Les conséquences de la défaite.

  • Pour Carthage :
    C'est la déchéance complète. Elle doit livrer ses éléphants de guerre et sa flotte, céder ses possessions espagnoles, payer un lourd tribut à Rome. Elle perd le droit de faire la guerre sans l'autorisation de Rome. Elle a un rival en Afrique même, le prince Massinissa. Le traité de 201 marque la fin de Carthage comme grande puissance méditerranéenne. Désormais réduite au rang de cité vassale de Rome, Carthage n'est plus qu'une riche ville commerçante.

  • Pour Rome :
    Elle devient la maîtresse du Bassin Occidental de la Méditerranée. L'issue de cette seconde guerre punique, l'épreuve la plus dure peut-être que Rome ait jamais traversée, marque le moment décisif pour la formation de l'impérialisme romain.

  • Pour Hannibal :
    Traqué par les Romains, il se réfugie d'abord chez Antiochus, roi de Syrie, qu'il conseille dans sa lutte contre Rome. Mais Antiochus, vaincu par les Romains, doit leur livrer Hannibal, qui réussit à s'enfuir en Bithynie. Poursuivi par la haine de Rome, il finit par se donner la mort en 183.

TROISIEME GUERRE PUNIQUE (150-146)

Motif de la guerre

En 150, Carthage, lasse des exactions de Massinissa qui, fort du soutien de Rome, empiète sans cesse sur son modeste territoire, déclare la guerre au prince numide, en violation du traité de 201.

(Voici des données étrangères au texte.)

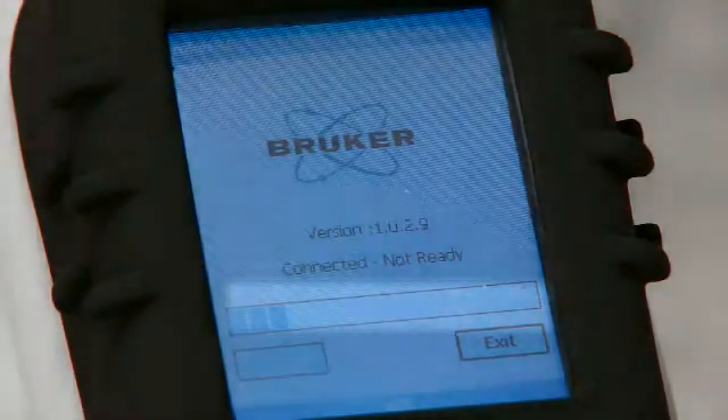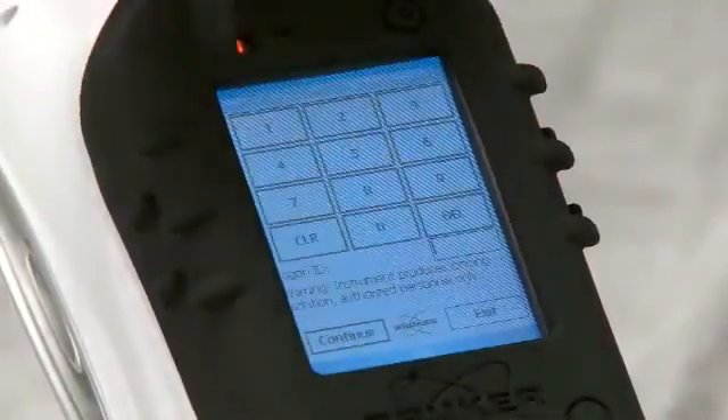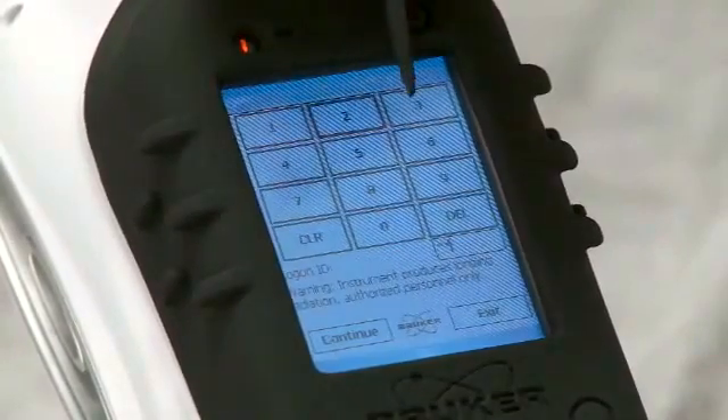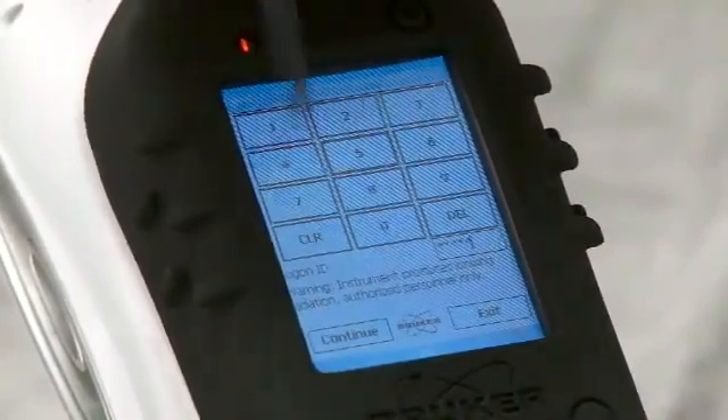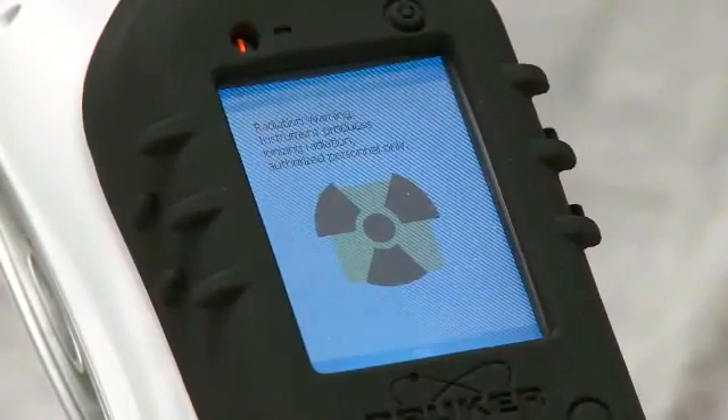The status bar will generally shrink, giving the user the ability to log on. Tap the log on box and enter the password — one, two, three, four, five — and tap continue. At this time, a radiation safety warning will be shown for about 15 seconds.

Rome saisit d'autant plus facilement le prétexte pour déclancher la troisième guerre punique, que la prospérité économique de Carthage, après un demi-siècle de travail acharné, l'irritait et l'inquiétait. Caton l'avait constaté au cours d'un voyage en Afrique, et on connaît le leit-motiv avec lequel il revint à Rome : Carthago delenda est , Il faut détruire Carthage!

Les légions romaines débarquèrent à Utique et Rome se montra intraitable. En dépit de la bonne volonté des Carthaginois, qui multipliaient les ambassades et proclamaient leur bonne foi, les exigences des Romains furent impitoyables :

Carthage

les Carthaginois doivent évacuer la ville, qui est promise à la destruction et se retirer au moins à 80 stades (=14,160 km) de la mer.

Un pareil arrêt, signifié à un peuple de commerçants et de marins, équivalait à un arrêt de mort. Carthage n'avait plus qu'à organiser sa résistance. C'est le consul Scipion Emilien, petit-fils de l'Africain, qui réussit, en 146, à s'emparer des ports puis de la ville, après des combats de rue désespérés. Carthage brûla pendant dix-sept jours.

On fit raser la ville et mêler du sel à la terre afin de la rendre infertile à jamais!

LA RENAISSANCE DE CARTHAGE

Malgré ces guerres et cette "haine" de Rome envers Carthage, Carthage renait de ses cendres quelques années plus tard sous la forme d'une colonie romaine.